Davis began doing what Petersen described as verbal and emotional abuse and bullying. Davis started telling the players that he did not expect them to do well this season and that he was planning on recruiting 15-20 new players that were better than the current team to replace them. He told the current team not to get comfortable with being able to play during games.

Volleyball is a mental game. It is all about momentum. Petersen said that the negativity and lack of respect coming from Davis messed with the team’s ability to play well together.

Then came the outbursts.

Petersen described incidents where Davis would aggressively yell at players from across the court. His screams were so loud, parents in the stands could make out his derogatory and demeaning comments.

In one instance earlier this season during a scrimmage against Lewis & Clark, a few players had a hard time running a drill. Davis yelled at them while they were on the court.

Most of these outbursts were limited to just in front of the team, but some occurred in front of the assistant coaches.

“None of us could walk out with our heads held high because we felt like we played like s**t and then we would look at the stats and we had played fine,” Petersen said about the incidents. “You would leave and you would just be sweating and you felt so terrible about yourself.”

Petersen clarified that a coach punishing poor playing by having them run laps is fine, but Davis went beyond that. She said Davis’ actions negatively impacted the overall team demeanor. There was general trash talking and little, pessimistic side comments were made by the coach aimed at the team.

Davis implemented something he called cauldron points to encourage the team to play better during practice. These points determined who would start a game. During practice, players would break into groups and run a drill that would be scored. Overall points were distributed to the entire group, which the team saw as unfair. When members of the team respectfully voiced their concerns to Davis about this particular issue, he called the conversations as “hissy fits.”

When Petersen realized that she needed to do something about the situation, she first contacted the assistant director of athletics and NCAA compliance officer Amy Dames Smith. Petersen said Smith implemented some of the things they talked about to improve the situation.

However, following other players reporting Davis, Petersen said that no one from the Linfield administration appeared to monitor practices or games.

Davis and Petersen got in an altercation following a Saturday match against Pacific. After the game, Petersen tried to enter the team room and was kicked out by Davis in front of the entire team. She was forced to wait in the hall, confused as to why she was being punished. Petersen said that Davis had done things like this before in an effort she describes as intention to humiliate a player.

Following the team meeting, Petersen approached Davis to get an explanation for the shunning. That is when the screaming began. It escalated to the point where Davis was shoving his finger in Petersen’s face and screaming at her.

When Petersen finally was able to enter the team room she saw that Davis had yelled at and intimidated the rest of the team so much that many other players had been crying as well.

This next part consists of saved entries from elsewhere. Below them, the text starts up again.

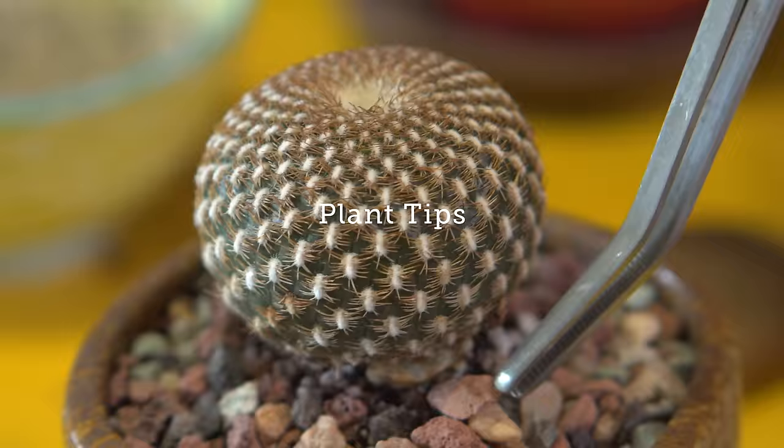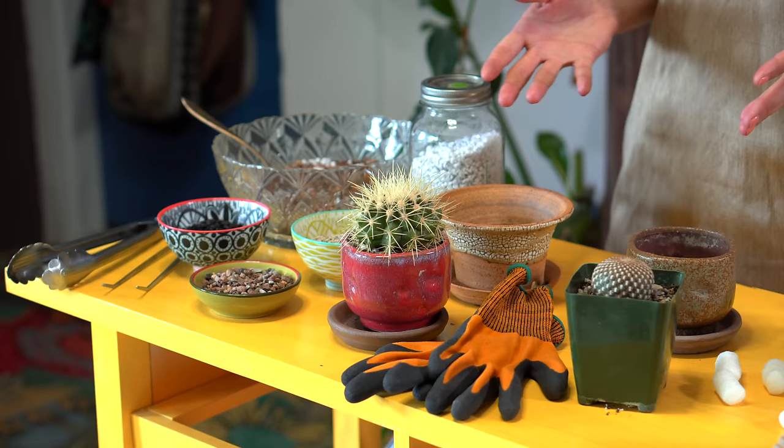So let's go over a prickly subject today, which is repotting some cacti. I'm way overdue to repotting some of my cacti, and it's partially because they're really not as needy as typical houseplants and they don't need that much maintenance, but also because repotting is a little bit more precarious when you're talking about cacti with spines. If you don't want to walk away looking like a porcupine or a pin cushion, then you may want to take some extra precautionary measures.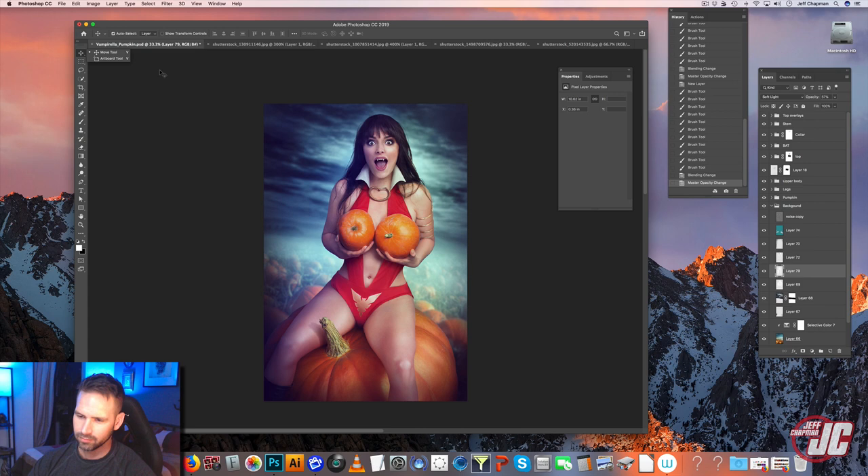Alright, so I think we can call this piece done. I mean, really I could probably sit here for another hour or two and just keep tweaking colors — trying different color casts, different greens and blues, seeing what I like better. But at some point you just got to walk away and call it done, which is what I'm going to do. So thanks for watching. Have a happy Halloween. Eat a lot of candy. Drink a lot of pumpkin beer.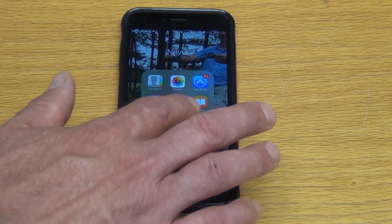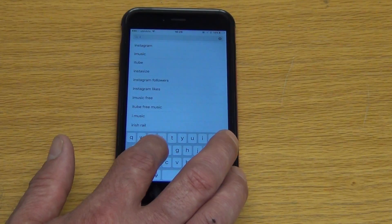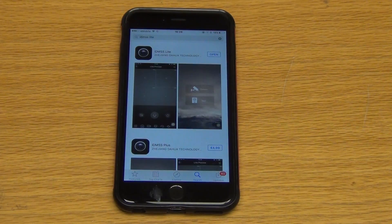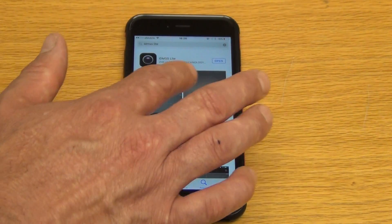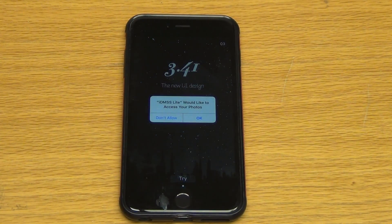So all we do is we just come along here, we tap on the App Store, we open it up, and I just type in IDMSS Lite. We can see we have some choices here, but basically it's the free version we want to go with. We'd normally come along and click on Get — it's a free app. I've actually downloaded it already just to make this video as quick as possible, so just imagine I'm tapping the Get button. It probably takes about 15 seconds to download on fast broadband. I click on Open and we're directly in here now.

Petersen said that at that point she realized she had to do what was right, even if it meant she would face retaliation.

Parents of the Linfield volleyball team emailed their concerns to director of athletics Garry Killgore and Susan Hopp, the vice president of student affairs and athletics as well as the title IX coordinator.

Killgore then initiated a series of meetings with the volleyball players to give them a chance for their voice to be heard. He met with individual girls and groups. Some of these meetings were informally held on the soccer field and other times they met in his office.

Killgore reportedly apologized to the players he met with for what they had to deal with.

Petersen said she appreciated the time Killgore was taking to try and amend the situation but said that the appropriate things were simply not being done. Petersen said she believe the school is lacking when it comes to protecting student athletes by the fact that Davis is still a Linfield coach. She said that she does not agree with Killgore’s mission to turn this negative situation into a positive one. Petersen said that Killgore’s plan to rectify the situation never actually came into play.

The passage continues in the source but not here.